> Work request
An exact transcription of the records is required, minus any images.

> Data to examine
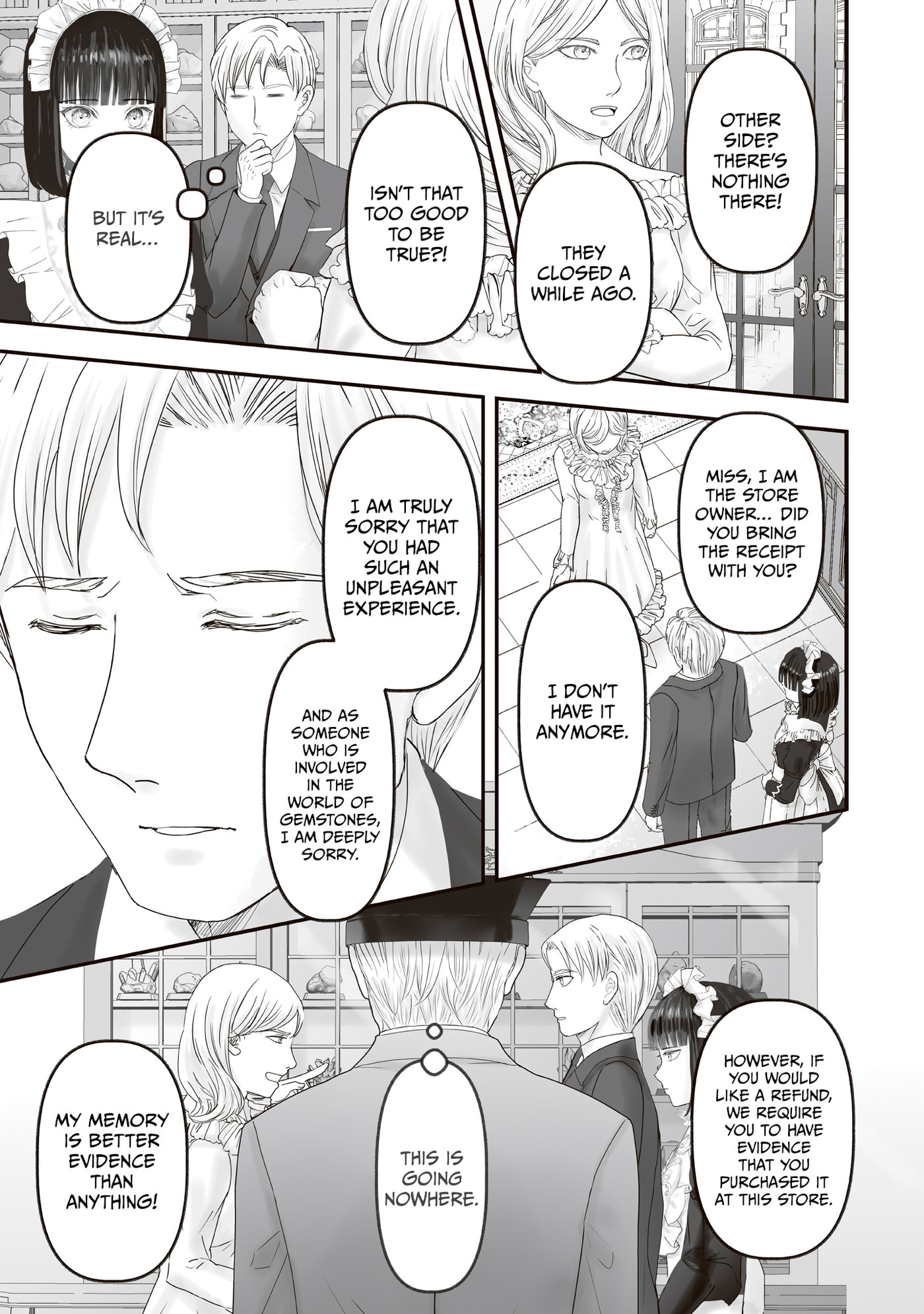 The Jeweler's Maid Chapter 29 page 37 - 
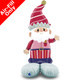 52 inch Christmas Elf Standup Foil Balloon (1)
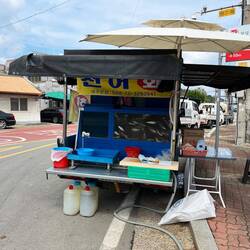 Fliegender Sushihändler / Flying sushi dealer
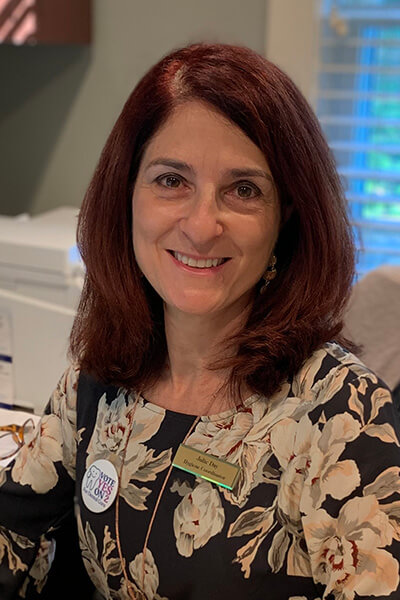 Julie Day, Hygiene Coordinator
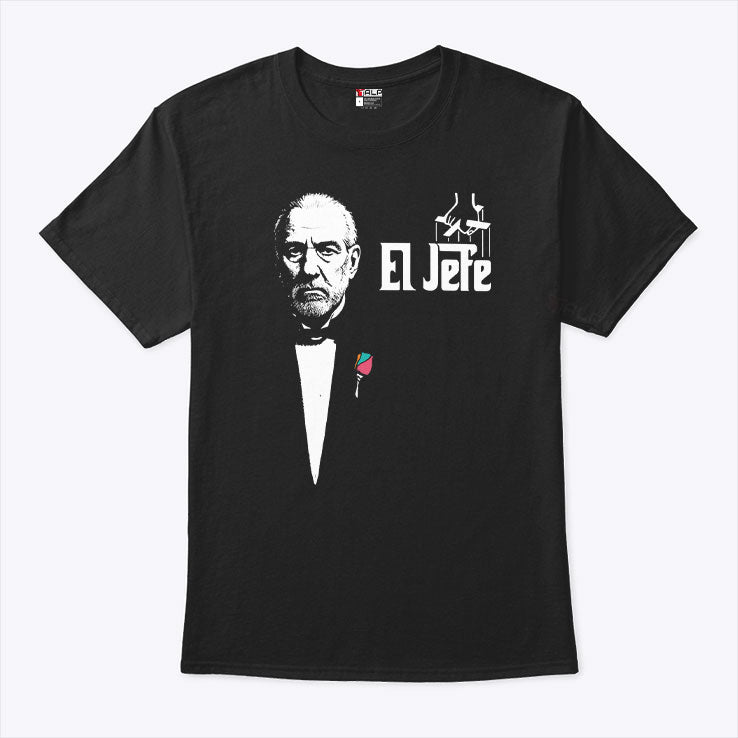 Gregg Popovich Coach El Jefe The Godfather T Shirt
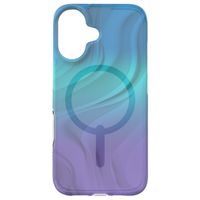 ZAGG Milan Snap Case mit MagSafe für das iPhone 16 - Deep Aurora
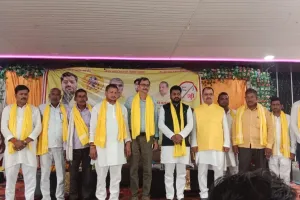 Barabanki News : रामनगर सीट से संजय तिवारी होंगे सुभासपा प्रत्याशी, अरविंद राजभर ने किया ऐलान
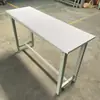 Mesa de Corte para Roupas, Mesa de Corte, Mesa de Inspeção para Fábrica de Vestuário, Mesa de Embalagem Rápida e Embalagem, Mesa de Bancada de Fluxo de Fábrica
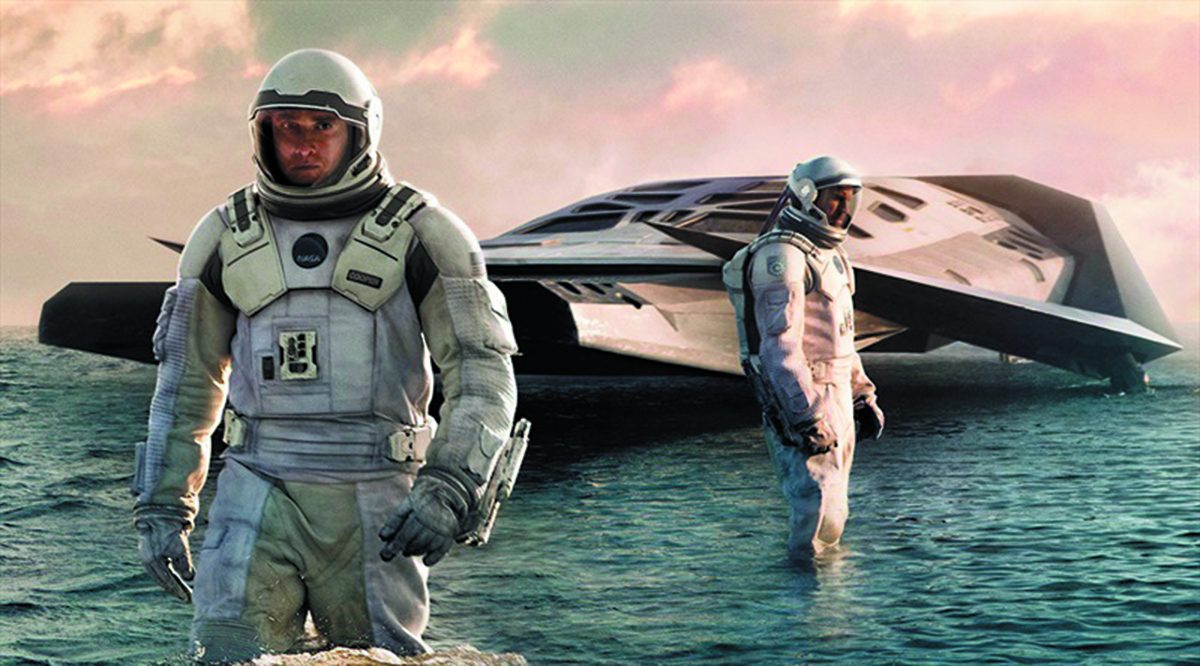 DEC142313 INTERSTELLAR RANGER MODEL KIT Previews World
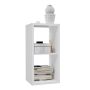 Mauro 1 Shelf Storage Unit in Matt White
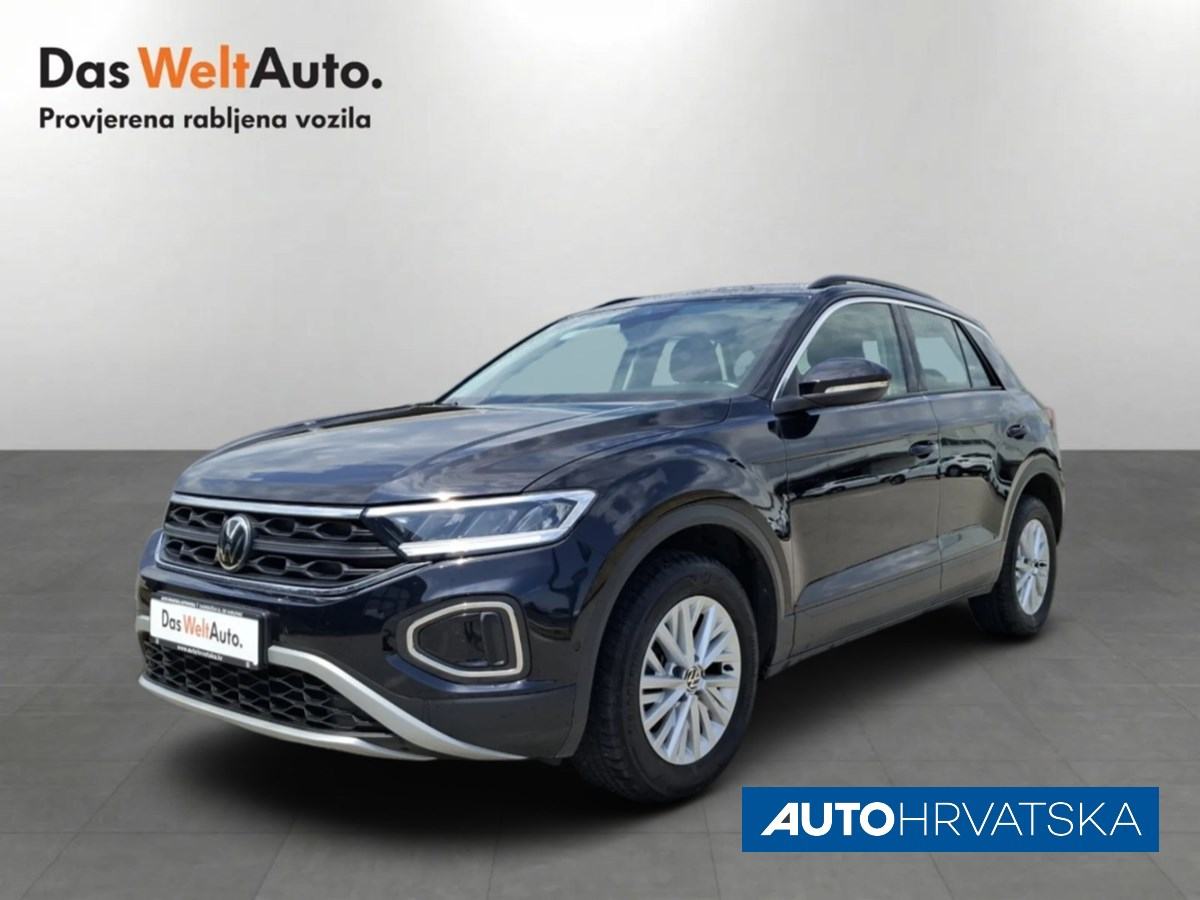 VOLKSWAGEN T-ROC 1.0 TSI LIFE - TVORNIČKO JAMSTVO, 20.990,00 €, fotografija 1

> Written response
 The Jeweler's Maid Chapter 29 page 37 - 
 52 inch Christmas Elf Standup Foil Balloon (1)
 Fliegender Sushihändler / Flying sushi dealer
 Julie Day, Hygiene Coordinator
 Gregg Popovich Coach El Jefe The Godfather T Shirt
 ZAGG Milan Snap Case mit MagSafe für das iPhone 16 - Deep Aurora
 Barabanki News : रामनगर सीट से संजय तिवारी होंगे सुभासपा प्रत्याशी, अरविंद राजभर ने किया ऐलान
 Mesa de Corte para Roupas, Mesa de Corte, Mesa de Inspeção para Fábrica de Vestuário, Mesa de Embalagem Rápida e Embalagem, Mesa de Bancada de Fluxo de Fábrica
 DEC142313 INTERSTELLAR RANGER MODEL KIT Previews World
 Mauro 1 Shelf Storage Unit in Matt White
 VOLKSWAGEN T-ROC 1.0 TSI LIFE - TVORNIČKO JAMSTVO, 20.990,00 €, fotografija 1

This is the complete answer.